**Data shown:**
----
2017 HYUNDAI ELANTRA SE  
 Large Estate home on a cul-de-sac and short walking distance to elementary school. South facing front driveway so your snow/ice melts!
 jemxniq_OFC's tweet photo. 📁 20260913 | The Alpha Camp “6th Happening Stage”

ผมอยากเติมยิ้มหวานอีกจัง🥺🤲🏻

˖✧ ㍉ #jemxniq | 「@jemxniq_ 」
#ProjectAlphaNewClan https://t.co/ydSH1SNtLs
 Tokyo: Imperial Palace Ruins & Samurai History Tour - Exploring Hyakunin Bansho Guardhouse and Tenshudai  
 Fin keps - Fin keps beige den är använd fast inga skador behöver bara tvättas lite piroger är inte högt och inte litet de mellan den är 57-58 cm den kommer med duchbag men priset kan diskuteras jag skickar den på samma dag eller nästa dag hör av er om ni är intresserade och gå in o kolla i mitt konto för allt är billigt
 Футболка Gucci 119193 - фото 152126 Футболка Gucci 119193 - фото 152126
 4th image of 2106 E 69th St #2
----
**What this task involves:** All of the material shown above should be written out exactly.

**Written reply:**
2017 HYUNDAI ELANTRA SE  
 Large Estate home on a cul-de-sac and short walking distance to elementary school. South facing front driveway so your snow/ice melts!
 jemxniq_OFC's tweet photo. 📁 20260913 | The Alpha Camp “6th Happening Stage”

ผมอยากเติมยิ้มหวานอีกจัง🥺🤲🏻

˖✧ ㍉ #jemxniq | 「@jemxniq_ 」
#ProjectAlphaNewClan https://t.co/ydSH1SNtLs
 Tokyo: Imperial Palace Ruins & Samurai History Tour - Exploring Hyakunin Bansho Guardhouse and Tenshudai  
 Fin keps - Fin keps beige den är använd fast inga skador behöver bara tvättas lite piroger är inte högt och inte litet de mellan den är 57-58 cm den kommer med duchbag men priset kan diskuteras jag skickar den på samma dag eller nästa dag hör av er om ni är intresserade och gå in o kolla i mitt konto för allt är billigt
 Футболка Gucci 119193 - фото 152126 Футболка Gucci 119193 - фото 152126
 4th image of 2106 E 69th St #2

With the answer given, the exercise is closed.